Terms and Conditions


1. Introduction
These Terms and Conditions govern all sales, purchases, and interactions between ScanSeconds (“we”, “us”, “our”) and any customer (“you”, “Buyer”, “Customer”) accessing services or products through our website or sales channels. By submitting a purchase order, contact form, or quotation request, you agree to be bound by these terms

2. Applicability and Agreement Scope
These terms apply to all sales of medical imaging equipment, accessories, and related services offered by ScanSeconds. All orders are subject to acceptance by ScanSeconds, and any sales confirmation or invoice will constitute the complete Sales Agreement. Other terms not expressly included herein shall not apply unless agreed in writing.

3. Orders and Acceptance
Products are offered and sold on a business-to-business (B2B) basis. Acceptance of a quote or order places a binding obligation on the Buyer to purchase the described products and on ScanSeconds to deliver subject to these terms.

4. Prices and Payment Terms
All prices are quoted in United States Dollars (USD) unless otherwise noted. Unless otherwise agreed in writing, full payment is required prior to shipment or release of equipment. Payments must be made by bank transfer or other approved method. Buyer is responsible for all bank and transfer fees unless otherwise stated.

5. Taxes and Additional Charges
Prices do not include taxes, duties, tariffs, customs fees, or other charges imposed by local jurisdictions. These costs are the responsibility of the Buyer unless explicitly designated otherwise.

6. Inspection and Acceptance of Equipment
Buyer may, at their discretion and expense, inspect equipment prior to shipment or as specified in the sales agreement. If Buyer fails to conduct an inspection within an agreed timeframe, the equipment will be deemed accepted.

7. Delivery and Risk of Loss
Delivery dates are estimates based on current availability and shipping conditions. ScanSeconds will make commercially reasonable efforts to meet estimated delivery dates, but is not liable for delays caused by operational issues, carrier delays, force majeure, or other circumstances beyond our control. Risk passes to Buyer upon delivery to the carrier or as otherwise agreed in writing.

8. Warranty and Condition of Sale
Unless otherwise stated in writing, all equipment is sold “as is, where is” with no express or implied warranties, including warranties of merchantability or fitness for a particular purpose. Refurbished equipment, if applicable, will be noted with any terms of condition, warranty, or service coverage.

9. Limitation of Liability
ScanSeconds is not liable for incidental, consequential, indirect, or punitive damages, including loss of use, revenue, or data arising out of the sale or use of equipment. Our total liability shall not exceed the purchase price of the specific item giving rise to the claim.

10. Compliance with Laws and Regulations
Buyer agrees to comply with all applicable laws and regulations regarding the use, import, export, and operation of the equipment.

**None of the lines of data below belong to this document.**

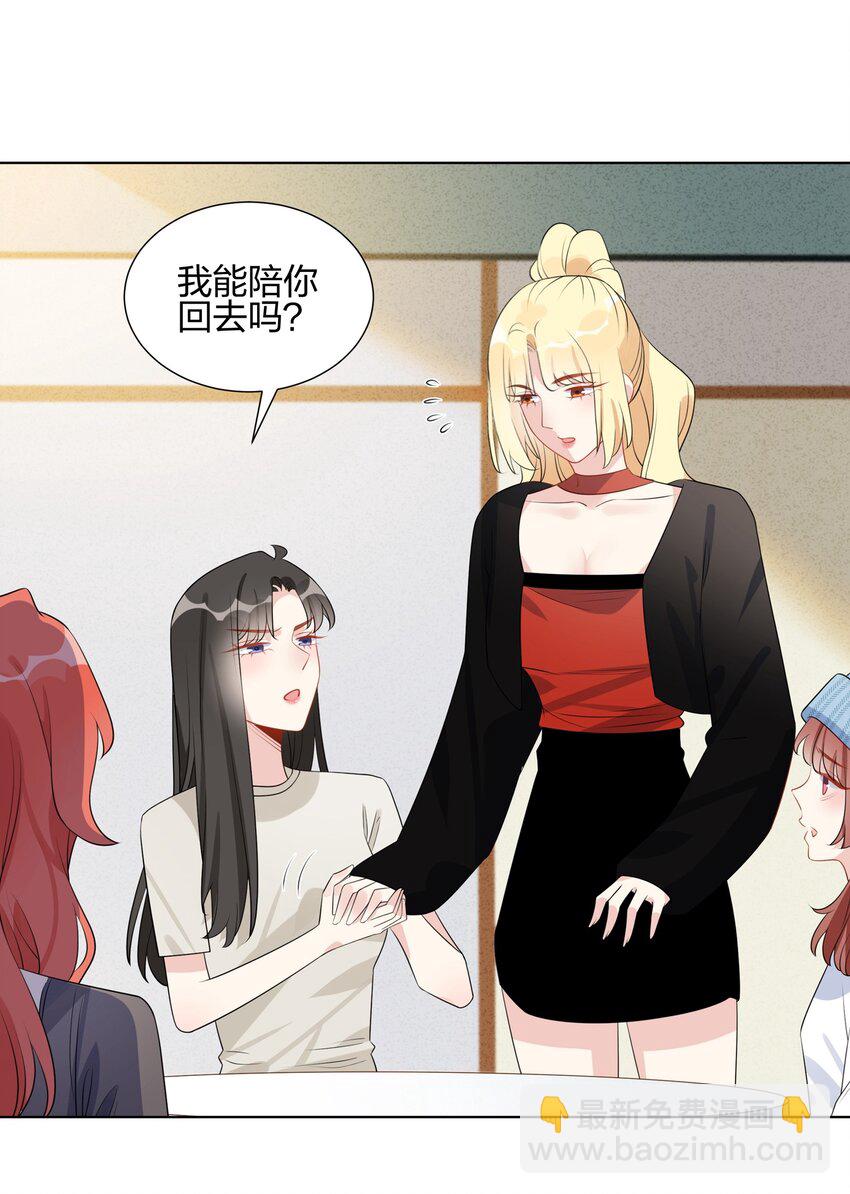 060 希望你能一直开心-第62话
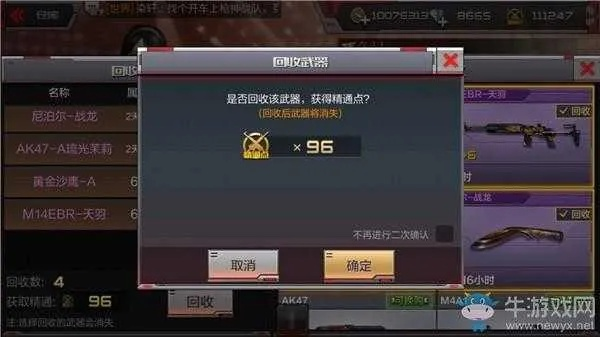 cf手游 无影或火源激活码是什么,收益说明解析-4K版_v2.178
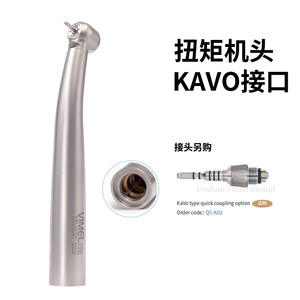 Turbine dentaire haute puissance et haute vitesse, plaquée titane, avec câble à fibre optique et roulement à faible bruit - Product Image 4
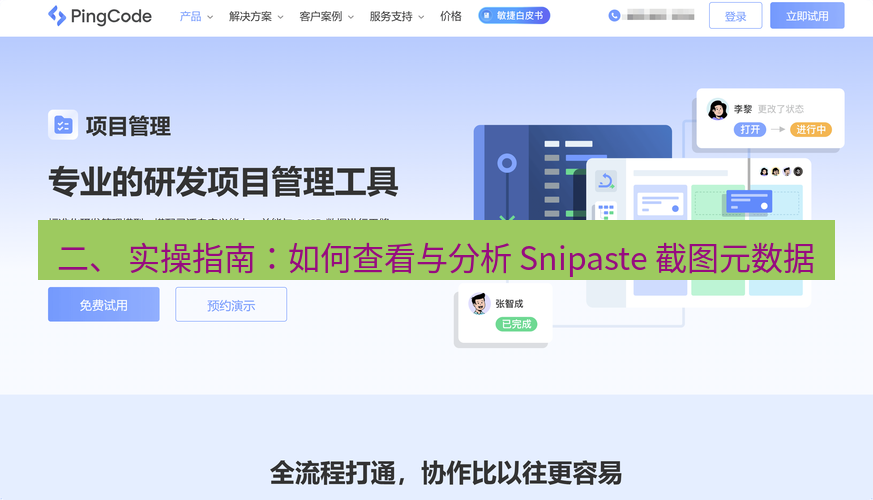 截图工具 二、 实操指南：如何查看与分析 Snipaste 截图元数据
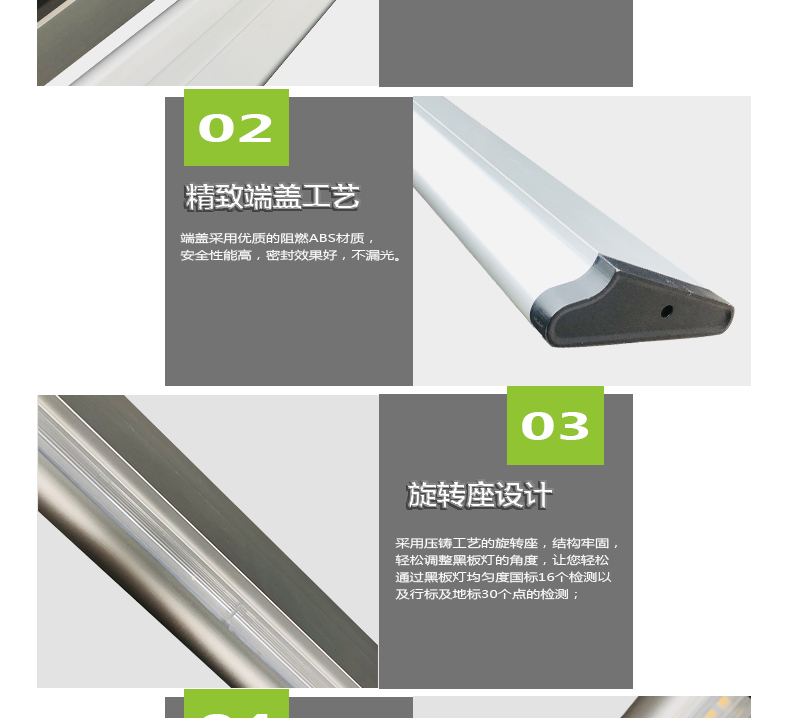 205036-002(黑板燈)詳情頁_04 205036-002(黑板燈)詳情頁_04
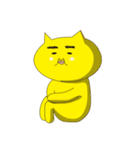 きっと、ネコ（個別スタンプ：19）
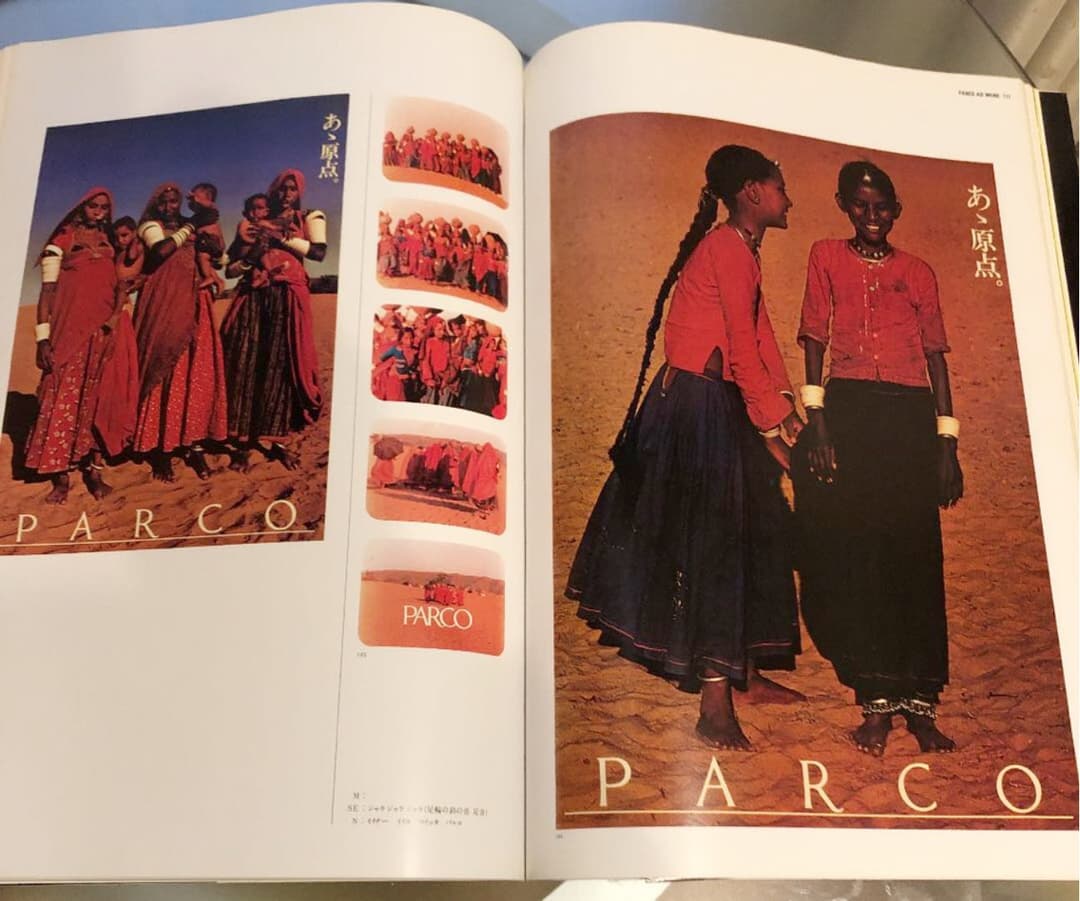 PARCO AD WORK パルコのアドワーク作品写真集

This includes medical device regulations, safety standards, and requirements in the Buyer’s jurisdiction.

11. Export and Destination Controls
Equipment may be subject to export controls and international trade regulations. Buyer agrees not to resell, transfer, or export equipment without compliance with all applicable governmental authorizations.

12. Indemnification
Buyer agrees to indemnify and hold ScanSeconds harmless from any loss, liability, or expense (including legal fees) arising from Buyer’s misuse, unauthorized resale, or failure to comply with applicable laws.

13. Intellectual Property
Buyer acknowledges that ScanSeconds and its suppliers retain all intellectual property rights in designs, manuals, software, and related documentation. Buyer shall not attempt to reverse engineer or infringe on proprietary rights.

14. Changes and Amendments
Any modification to these Terms and Conditions must be in writing and signed by authorized representatives of both parties. Failure to enforce any provision shall not constitute a waiver of that provision.

15. Governing Law and Dispute Resolution
These terms are governed by applicable law as agreed by the parties. Any dispute arising hereunder shall be resolved through negotiation or, if necessary, through the courts in the agreed jurisdiction.

16. Severability
If any provision is deemed invalid or unenforceable, it shall not affect the enforceability of the remaining provisions.